Microcaps Indicate Bull Run May Not Be Over
Microcap Market Report: May 11, 2013 – Fueled by some decent earnings reports at the tail-end of first-quarter earnings season and powered by a spate of central bank news that surprisingly did not directly involve the Federal Reserve, U.S. stocks, including microcaps notched another set of really nice weekly gains.
For the week, the S&P 500 added 1.2% while the Dow Jones Industrial Average climbed 1%. The NASDAQ Composite was the best of the three major U.S. indexes with a weekly pop of 1.71%. The Russell Microcap Index turned in a most impressive gain at 1.94% and is up 14.56% YTD.
With the S&P 500 and the Dow both reaching record closes yet again in the final trading day of the week, it is fair to say that animal spirits are high and that the “Sell in May and Go Away” crowd have been unable to impart their will on this market.
Is the S&P Over-valued?
The rub is that the S&P 500 is starting to look expensive relative to historical standards. The index is valued at 16 times reported profits, approaching the most expensive levels in almost three years, according to data compiled by Bloomberg. The multiple was 17.5 at the previous market peak in October 2007, also reported by Bloomberg.
Another indication that microcaps are shaking off the valuation noise and are embracing elevated risk appetite to climb higher, the Guggenheim Wilshire Micro-Cap ETF (NYSE: WMCR) jumped 1.6%. The bull run seems to have some legs left as indicated by the movement beyond big-cap stocks into thousands of smaller names.
|The Markets @ 5/10/2013|
|Index||Close||Weekly||% Change||YTD Change||YTD%|
Back to Back to Back Weeks Like This Can Make Your Head Spin
You gotta love all these Green numbers… especially because it keeps the “Sell in May and Go Away” crowd at bay. As we noted last week, it’s still a little early to tell, so enjoy the gains and consider protecting them with some intelligent stop-losses. If your stocks continue a strong upward move, then raise your stop-losses too.
Oil prices continue a slight upward move – WTI Crude Oil closed at $96.04 last week…+$0.43.
Of course gold reversed its direction…the US Dollar was up – Gold closed at $1,436.80 on Friday, off $27.50 while the US Dollar gained $0.0074 to close at 0.7698 euros.
Bonds were down…Big Time Down – The 10-year bond lost $3.69 to close at $98.64 and the 30-year really backed up, losing $7.78 to close at $95.58.
Compared to the previous week, the trading week ending May 10 was light on economic data, but the data points that were reported were mostly positive.
In economic news, the Mortgage Bankers Association said the number of mortgage applications filed in the U.S. last week rose 7% while the refinancing index increased 8%.
On Thursday, the U.S. Labor Department said initial claims for jobless benefits fell by 18,000 last week to a five-year low of 324,000. Analysts expected a reading of 345,000 claims.
Separately, the Commerce Department said the U.S. trade deficit narrowed to $38.8 billion in the first quarter.
On the economic data front, the week was more about global central banks lowering interest rates, including those in Australia, South Korea and Vietnam.
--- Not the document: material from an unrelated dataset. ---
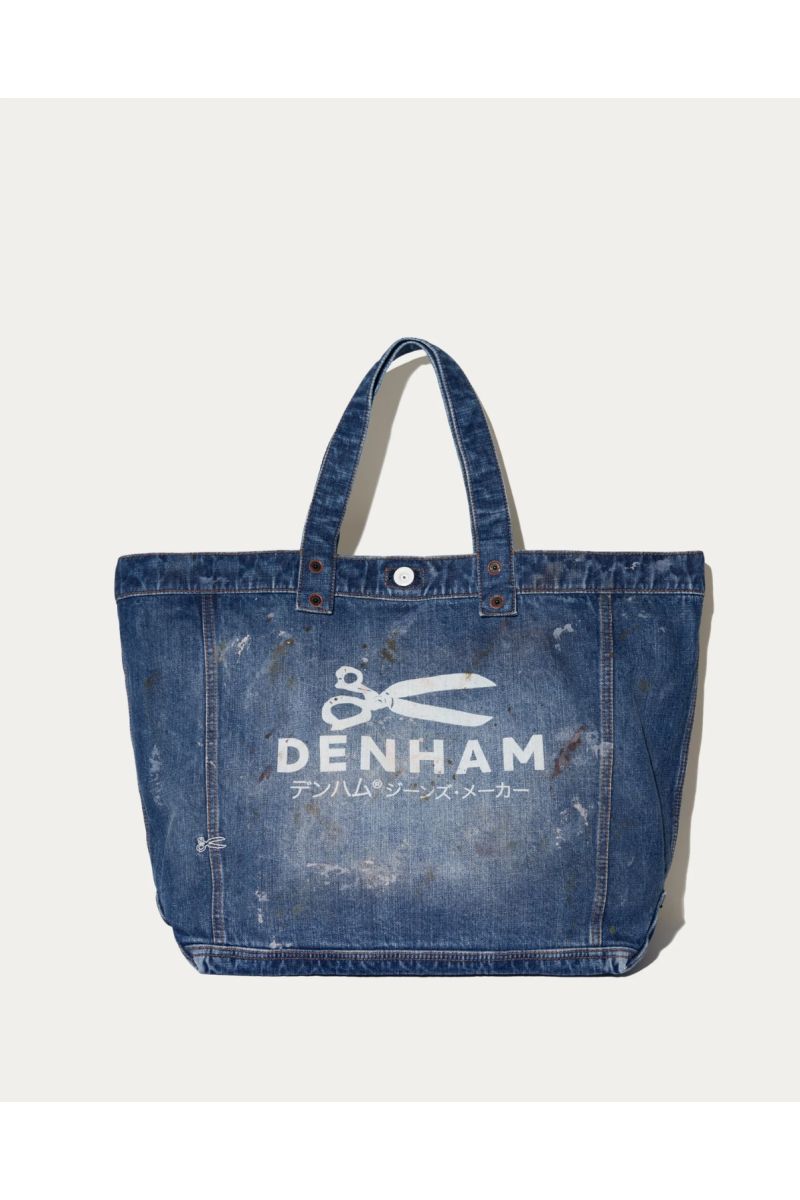 Denham D07 Denim Tote Washed Indigo -O.S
Those actions come on the heels of the European Central Bank lowering rates in the prior week and there is increased speculation that before May is over, investors will be treated to lower rates in other parts of the world as well.
This is good news for those looking for global micro-cap exposure, including both developed and emerging markets fare.
The Bottom Line for Stocks
Here is an interesting tidbit for those that think they have missed out on the rally or that stocks have risen too far too fast: This year is only the 11th-best start to a year since 1991, according to Bespoke Investment Group.
In terms of places to go shopping for micro-cap opportunities, as we noted earlier, the emerging markets arena is clearly an attractive place right now. That could continue to be the case as more central banks step up to the rate cutting plate. Thailand is believed to be a prime candidate to pare rates later this month and that is just one example.
Laggards are starting to show some signs of playing catch-up, and that includes technology and basic materials names (industrial, not precious metals). We reiterate previous bullish calls on financial services and health care microcaps.